I have a Pandas DataFrame that has date values stored in 2 columns in the below format:
col1: 04-APR-2018 11:04:29
col2: 2018040415203 
How could I convert this to a time stamp. Dtype of both of these columns is object.
 
    
     
    
    For the first format you can simply pass to_datetime, for the latter you need to explicitly describe the date format (see the table of available directives in the python docs):
In [21]: df
Out[21]:
                   col1           col2
0  04-APR-2018 11:04:29  2018040415203
In [22]: pd.to_datetime(df.col1)
Out[22]:
0   2018-04-04 11:04:29
Name: col1, dtype: datetime64[ns]
In [23]: pd.to_datetime(df.col2, format="%Y%m%d%H%M%S")
Out[23]:
0   2018-04-04 15:20:03
Name: col2, dtype: datetime64[ns]
 
    
    You can try these as well. Try passing infer_datetime_format = True while reading the file.
if the above method fails try the following
df2 = pd.to_datetime(df.col1)
or
df2 = pd.to_datetime(df['col1'])
df2
Note the above methods will only convert the str to datetime format and return them in df2. In short df2 will have only the datetime format of str without a column name for it. If you want to retain other columns of the dataframe and want to give a header to the converted column you can try the following
df['col1_converetd'] = pd.to_datetime(df.col1)
or
df['col1_converetd'] = pd.to_datetime(df['col1'])
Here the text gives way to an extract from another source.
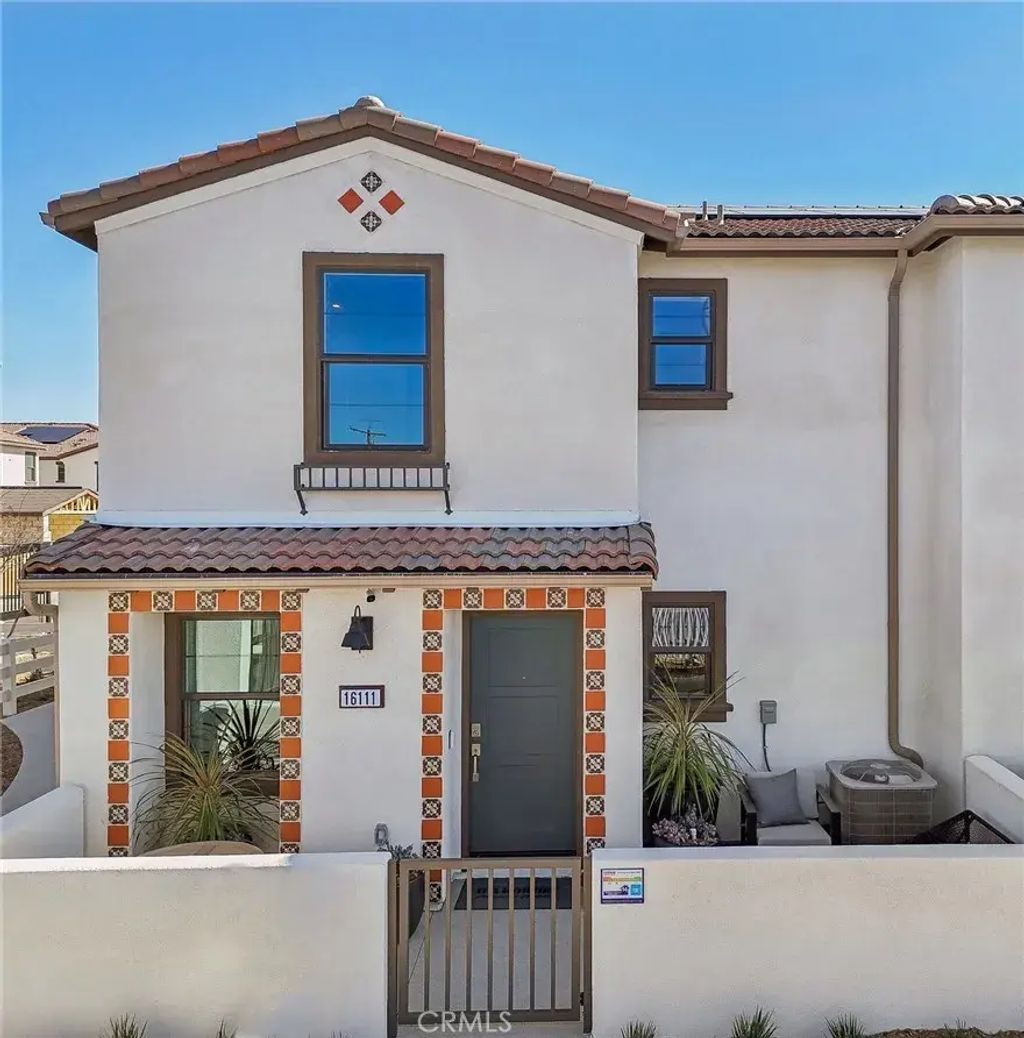16223 Lumia Way, Fontana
This is comforatble if you dont want to create a dataframe or want to refer the converted column in future together with other attributes of the dataframe.
 
    
     
    
    There are a few ways to convert column values into timestamps, some more efficient than others. N.B. Passing format= to to_datetime makes the conversion much, much faster (see this post). You can find all possible combination of datetime formats at https://strftime.org/.
from datetime import datetime
x = pd.to_datetime(df['col1'], format='%d-%b-%Y %H:%M:%S')
y = df['col1'].apply(pd.Timestamp)
z = df['col1'].apply(datetime.strptime, args=('%d-%b-%Y %H:%M:%S',))
but ultimately, all produce the same object (x.equals(y) and x.equals(z) returns True) that looks like:
0   2018-04-04 11:04:29
Name: col1, dtype: datetime64[ns]
If we check the individual values, they are the same (x[0] == y[0] == z[0] returns True) that looks like
Timestamp('2018-04-04 11:04:29')
If we look at the source code, pd.Timestamp is a subclass of datetime.datetime, so all are ultimately tied by datetime.datetime.